▶ _Extracted entries_
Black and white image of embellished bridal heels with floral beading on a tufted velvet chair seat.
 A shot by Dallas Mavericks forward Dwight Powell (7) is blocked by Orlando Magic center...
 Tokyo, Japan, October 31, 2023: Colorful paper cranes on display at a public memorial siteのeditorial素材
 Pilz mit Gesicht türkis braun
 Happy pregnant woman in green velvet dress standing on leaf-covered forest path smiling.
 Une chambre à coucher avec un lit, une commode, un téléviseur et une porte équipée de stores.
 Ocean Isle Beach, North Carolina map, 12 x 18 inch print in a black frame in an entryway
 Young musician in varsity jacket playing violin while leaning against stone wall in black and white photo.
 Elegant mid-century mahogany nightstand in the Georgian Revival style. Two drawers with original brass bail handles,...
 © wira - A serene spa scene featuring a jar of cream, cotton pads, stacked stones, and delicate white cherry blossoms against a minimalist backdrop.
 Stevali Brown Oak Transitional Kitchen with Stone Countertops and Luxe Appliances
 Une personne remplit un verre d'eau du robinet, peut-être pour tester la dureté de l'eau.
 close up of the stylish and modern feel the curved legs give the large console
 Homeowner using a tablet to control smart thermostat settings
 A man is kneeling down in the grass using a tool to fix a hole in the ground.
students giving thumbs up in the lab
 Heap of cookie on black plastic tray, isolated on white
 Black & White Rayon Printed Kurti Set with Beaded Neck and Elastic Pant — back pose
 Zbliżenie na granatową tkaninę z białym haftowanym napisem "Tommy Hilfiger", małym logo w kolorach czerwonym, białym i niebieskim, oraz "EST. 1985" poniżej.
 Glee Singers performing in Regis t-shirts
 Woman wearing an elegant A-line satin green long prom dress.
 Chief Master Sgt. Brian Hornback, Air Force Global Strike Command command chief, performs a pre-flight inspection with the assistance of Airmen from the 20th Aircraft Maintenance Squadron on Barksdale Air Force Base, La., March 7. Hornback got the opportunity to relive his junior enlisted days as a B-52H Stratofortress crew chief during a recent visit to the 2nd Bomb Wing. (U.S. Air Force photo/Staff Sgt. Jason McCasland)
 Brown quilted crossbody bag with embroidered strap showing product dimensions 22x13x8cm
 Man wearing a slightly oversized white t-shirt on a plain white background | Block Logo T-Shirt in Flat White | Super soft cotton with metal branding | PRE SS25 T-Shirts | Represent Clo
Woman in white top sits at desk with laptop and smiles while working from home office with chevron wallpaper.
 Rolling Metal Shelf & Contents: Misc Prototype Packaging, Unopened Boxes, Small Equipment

▶ _Task to complete_
Find the word "dress" in the entries, and copy every line it shows up in.

▶ _Finished exercise_
 Happy pregnant woman in green velvet dress standing on leaf-covered forest path smiling.
 Woman wearing an elegant A-line satin green long prom dress.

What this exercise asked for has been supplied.